# 9W conditions?



## stoked (Aug 6, 2004)

Has anyone rode/drove up from GWB to Piermont/Nyack recently? I haven't been out on the road bike for 4-5 weeks now after all this snow. Is the shoulder clear of snow? How is the surface/potholes etc? Thinking of riding this weekend.


----------



## lucascarvajal (Apr 10, 2010)

Stay home, get fat and wait until spring. As always 9w is a ****ing disaster in winter time.


----------



## Nielly (Sep 21, 2009)

Who knows what it's going to be like after this next round but went out to Piermont and up to Nyack yesterday and the roads where in pretty good shape. Turned out to be a pretty nice day.

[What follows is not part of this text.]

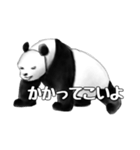 東京PANDA LIFE（個別スタンプ：14）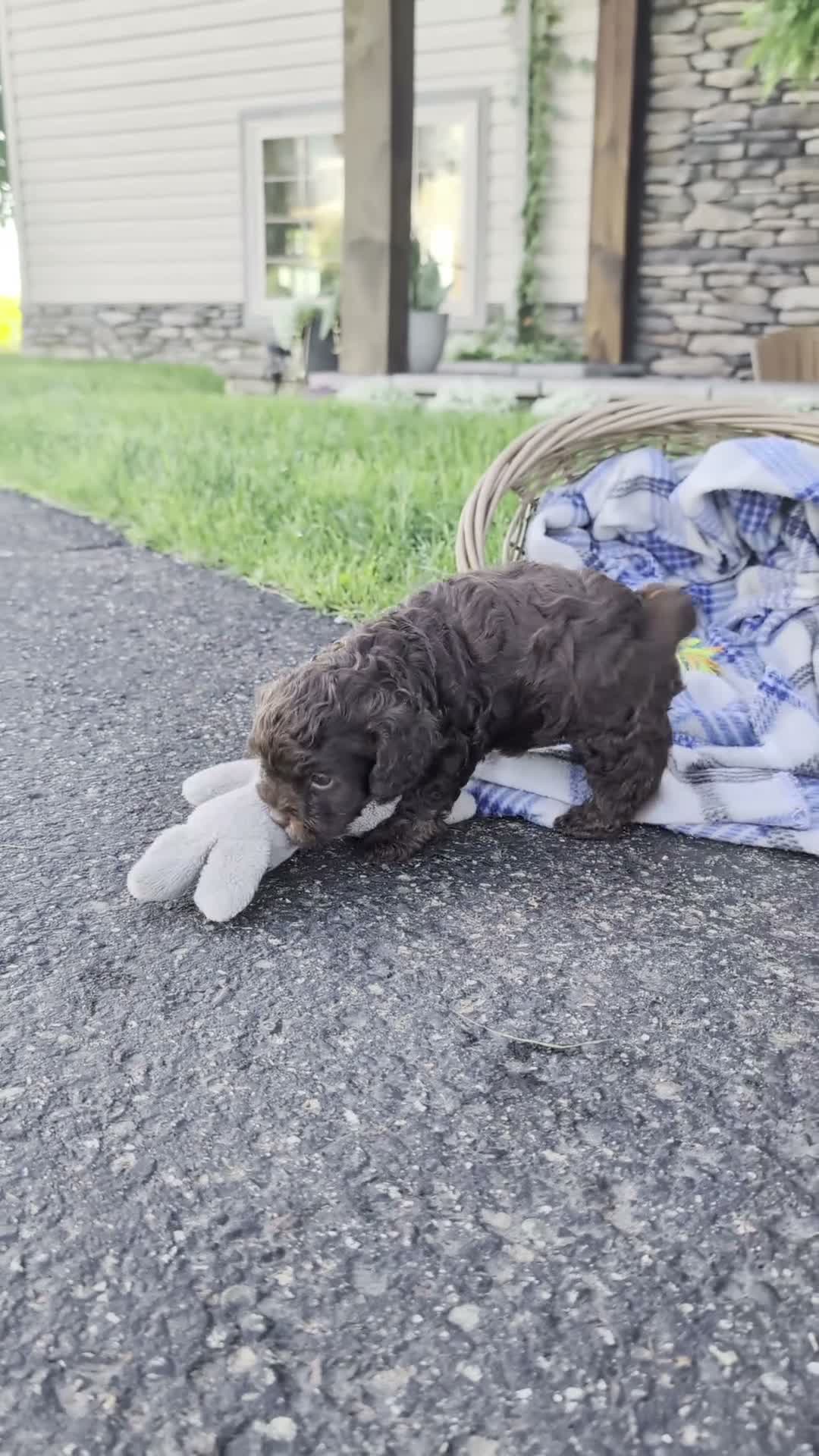 Cavapoo dogs for sale: Snuggle Joe  - Video 1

I didn't come up 9W but talked to a guy that did and said that it was in ok shape, some ice in spots on the northern end. Fenders are a good idea or it's gets messy in spots with the snow melt.


----------



## stoked (Aug 6, 2004)

Thanks for the update Nielly. The rain melted some of this snow. I am heading out tomorrow. I gotta test out my new fenders:thumbsup:


----------



## Nielly (Sep 21, 2009)

Nice day out there today. Amazing how 40 degrees can feel so nice after a cold spell. The roads were a lot more wet than last week though. The Spoon was packed with riders when I got over there.


----------



## jkmacman (Feb 6, 2009)

i biked river road & 9w last tuesday (2.1), it was snowy and rainy that day. river road was not plowed between ross dock and englewood boat basin, which sux as i am going for a ride saturday and i like to do river road & the alpine climb

http://connect.garmin.com/activity/66242334










taking my trek 5600 p.o. bike for a spin saturday. probably do a different river road (saddle river rd)

dug up this ride from 2008 has couple of good climbs, glen & airmont rd
http://www.everytrail.com/view_trip.php?trip_id=963289


----------